Data loss graph of ELMo-BiLSTM model

Fig. 4
figure 4

Accuracy graph of ELMo-BiLSTM model

Table 1 Comparison table

The ELMo embedding models the complex characteristics of words and also how the uses of words can vary across different context. Vector produced are function of layers of bidirectional language model. Representations are character-based and use clues from robust representations for tokens that are not seen in training. Whereas, Glove produces global vectors. Using features that are hidden, the co-existence count is predicted by calculating the comparability between words. Glove embedding gives same vector representation for same word occurring in different sentences but ELMo word embedding takes the context in which the word is used in consideration and based on that gives different vector representation for different context. Glove cannot grasp the context of the word and fail to produce separate vector representation. This makes the ELMo embedding more effective than the Glove embedding.

6 Conclusion

Sarcasm is the unique form of satire. Using sarcastic, ironic messages, and post is increasing in social media platforms. Sarcasm is nowadays used to scrutinize or to express opinions about diverse issues related to politics, society, etc.
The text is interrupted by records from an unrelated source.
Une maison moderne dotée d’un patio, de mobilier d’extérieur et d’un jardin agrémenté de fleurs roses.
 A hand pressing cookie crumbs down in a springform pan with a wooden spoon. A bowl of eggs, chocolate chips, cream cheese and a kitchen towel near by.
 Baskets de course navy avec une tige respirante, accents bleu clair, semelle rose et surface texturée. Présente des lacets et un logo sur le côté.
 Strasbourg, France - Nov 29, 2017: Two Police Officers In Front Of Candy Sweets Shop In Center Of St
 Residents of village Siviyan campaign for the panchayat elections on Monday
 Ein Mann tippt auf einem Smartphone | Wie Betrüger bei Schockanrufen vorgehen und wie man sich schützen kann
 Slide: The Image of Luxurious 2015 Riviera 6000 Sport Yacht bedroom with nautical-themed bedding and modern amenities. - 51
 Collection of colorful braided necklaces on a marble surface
In this study, we have focused on the problem of detecting sarcasm using ELMo embedding. We used a Glove embedding-based RNN model and an ELMo embedding-based bidirectional long-short term memory (ELMo-BiLSTM) for detecting sarcasm from sentences. A public Twitter Sarcasm dataset for this purpose. We split the dataset into training and testing sets. Performed data preprocessing to clean the data and applied pre-trained word embeddings. Our ELMo-BiLSTM model incorporates an embedding layer that uses the ELMo word embeddings to generate vector representations of words. The ELMo vector representation of a word depends on the entire sentence and therefore gives different vector representations for the same word, summing up the contextual information of the comment. Glove embedding represents the co-existence of the word and thus gives the same vector representation for a word in a different context. Our results show that the ELMo-BILSTM surpasses the Glove-RNN model. It is observed that due to different vector representations of words according to the context in which they were used, ELMo embedding-based model performs better, and data loss decreased by 0.09% and accuracy of the model increased by 0.44% compared to the Glove embedding model. The difference in the input sizes and hidden units has also affected the performance of the models.

In the future, we would like to experiment with the ELMo embedding with other deep learning models. We would experiment with the model configuration and introduce different feature extraction techniques that can extract features related to sarcasm.